Para empezar nótese que la ley establece un número mínimo de comunicaciones y visitas mensuales de familiares, lo cual implica la necesidad de prever un marco de contactos con el exterior, sin el cual la persona presa no sería tratada con la dignidad predicada en la Constitución y en la legislación penitenciaria. Sin embargo, cuando el derecho a las comunicaciones se ve seriamente limitado por el solo hecho de que los familiares y allegados no pueden visitar regularmente al penado, debido a la larga distancia que han de recorrer y el tiempo que les lleva en ello, ¿no quedaría afectado seriamente ese mandato constitucional básico que es la reinserción social?

Bajo el prisma político ha habido muchos apoyos a la política de alejamiento de presos de ETA. Del mismo modo que también los hubo -y muy importantes- cuando en tiempos del primer Gobierno de Aznar y en el marco de una negociación nunca declarada se acercó a un número significativo de presos al País Vasco y se concedieron terceros grados. Sin embargo, con independencia de los muchos o pocos apoyos recibidos, la medida de alejamiento de presos es absolutamente ilegal por su inconstitucionalidad.

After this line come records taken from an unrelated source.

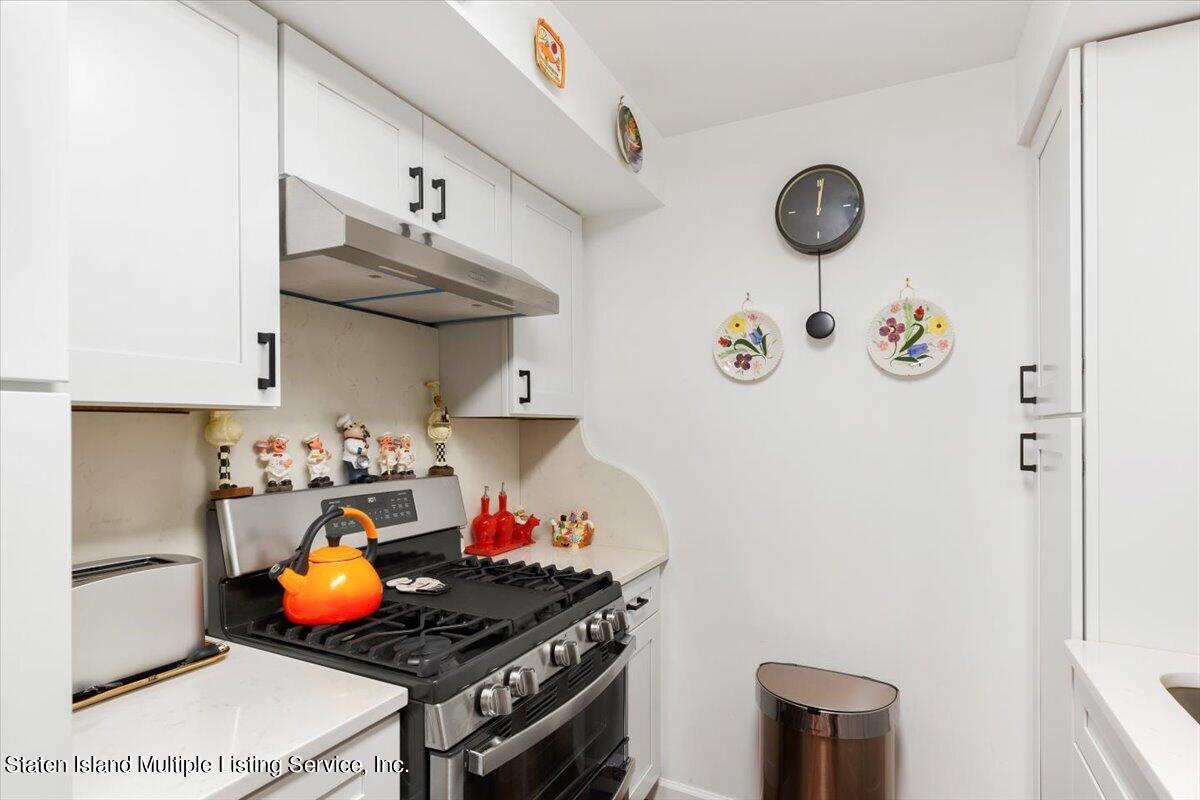 95 Essex Drive, 4e
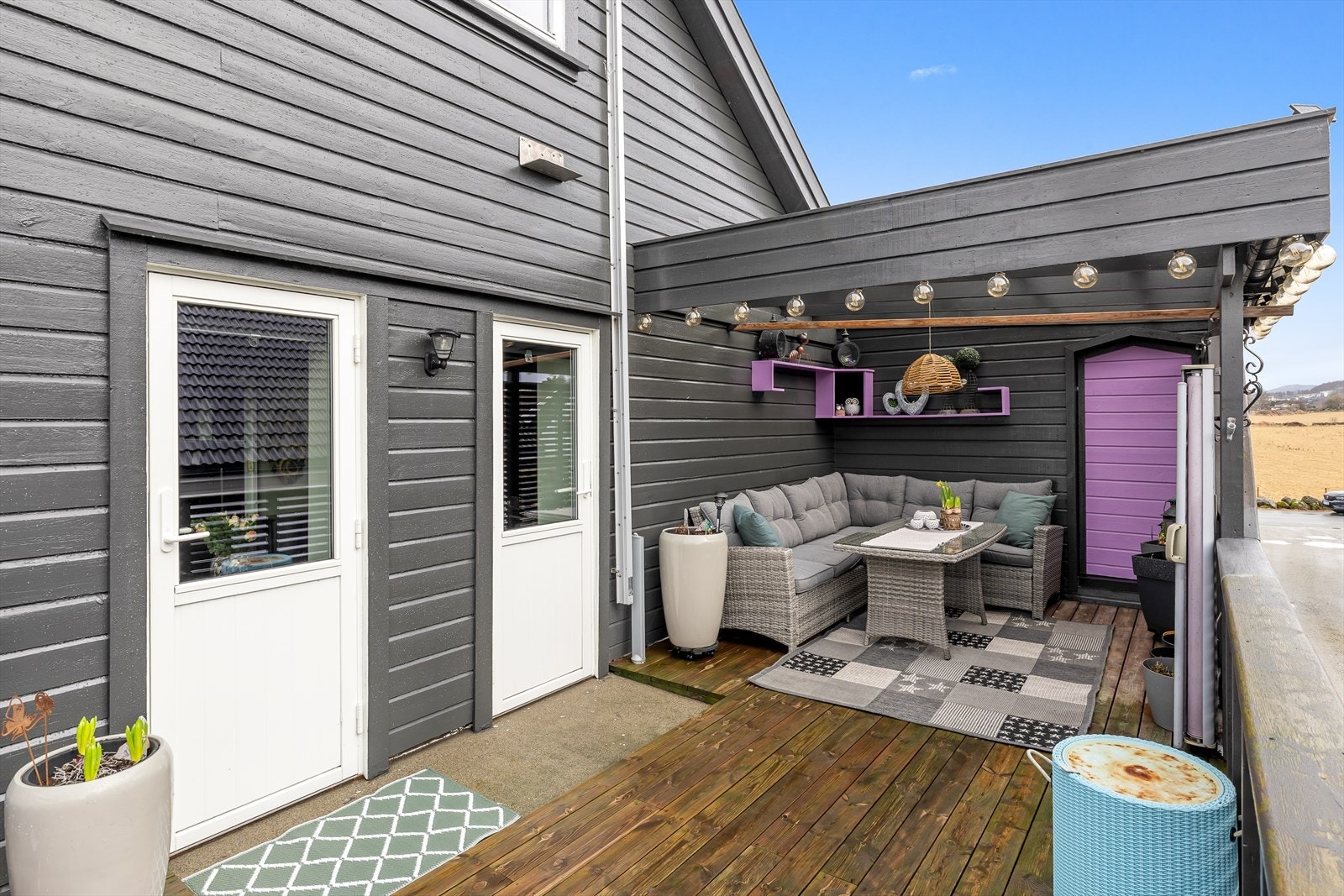 Fra stuen er det utgang til en balkong på ca. 51 kvm, som inviterer til hyggelige stunder med familie og venner. Galleribilde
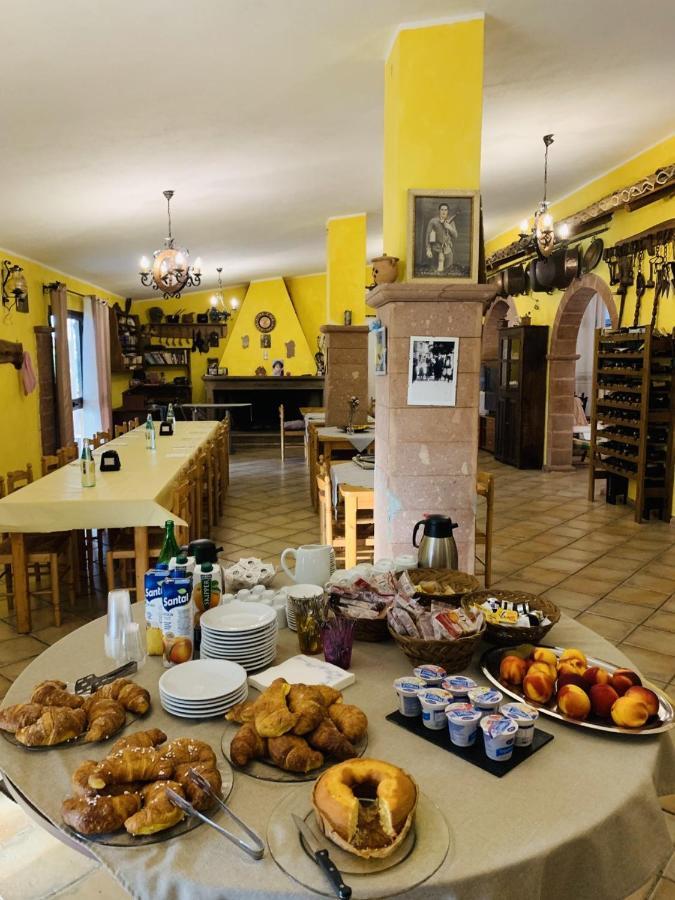 Agriturismo Da Lino Agripizza Villa Samugheo ภายนอก รูปภาพ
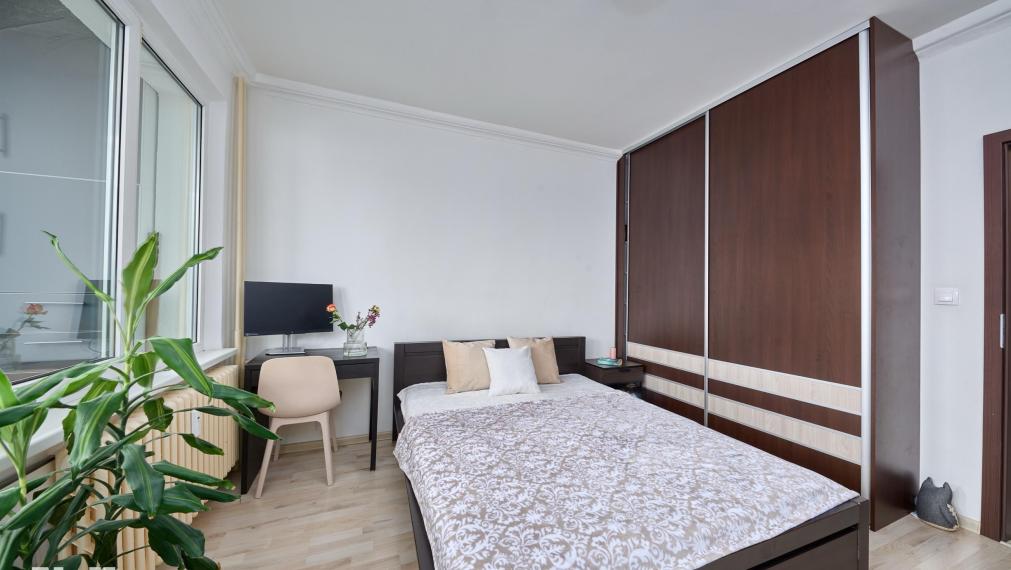 Neibrs | 2,5 izb. byt oproti Figaru,čiastočná rekonštrukcia, loggia aj balkón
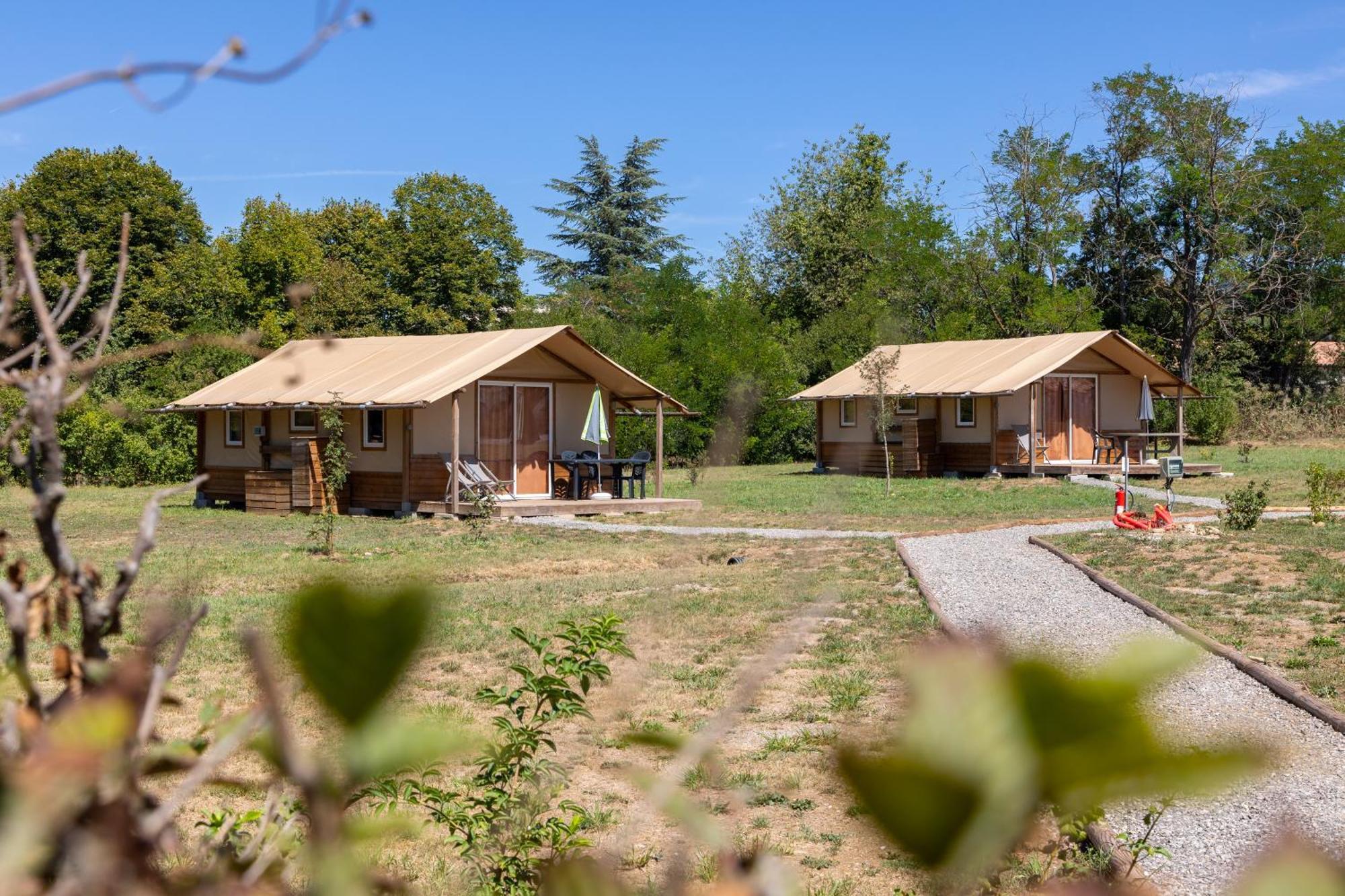 Camping Sites Et Paysages Les Pres Hauts Sisteron Kültér fotó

Sus creadores la han justificado en los resultados habidos. Suele decirse que “a más presión, mayor desvinculación de los presos con la banda terrorista ETA, mayor debilitación de esta y mejores resultados para que deje de matar”. Como política criminal podría no estar mal, pero resulta a todas luces inconstitucional e ilegal.

El caso es que, una vez ha llegado el momento del cese efectivo de la actividad criminal de ETA, no se entiende desde ningún ángulo -ni el político, ni mucho menos el jurídico- que se mantengan estas condiciones de cumplimiento de penas de prisión en el Estado español.

Hace tiempo que el ciudadano delegó en el Estado el ejercicio de la fuerza, a fin de renunciar al caos y a la venganza particular. Sin embargo, el monopolio estatal de la fuerza -legitimado por la soberanía popular- no debiera recoger ansias de venganzas individuales, por muy legítimas que estas pudieran llegar a ser en el estricto ámbito personal.

En conclusión, el sistema no debe amparar actuaciones “reparadoras” de las víctimas extramuros del imperio de la ley, por cuanto crear un espacio destinado a la venganza sólo demostraría su propia debilidad y el menosprecio hacia el ciudadano como miembro de una comunidad político-jurídica llamada Estado.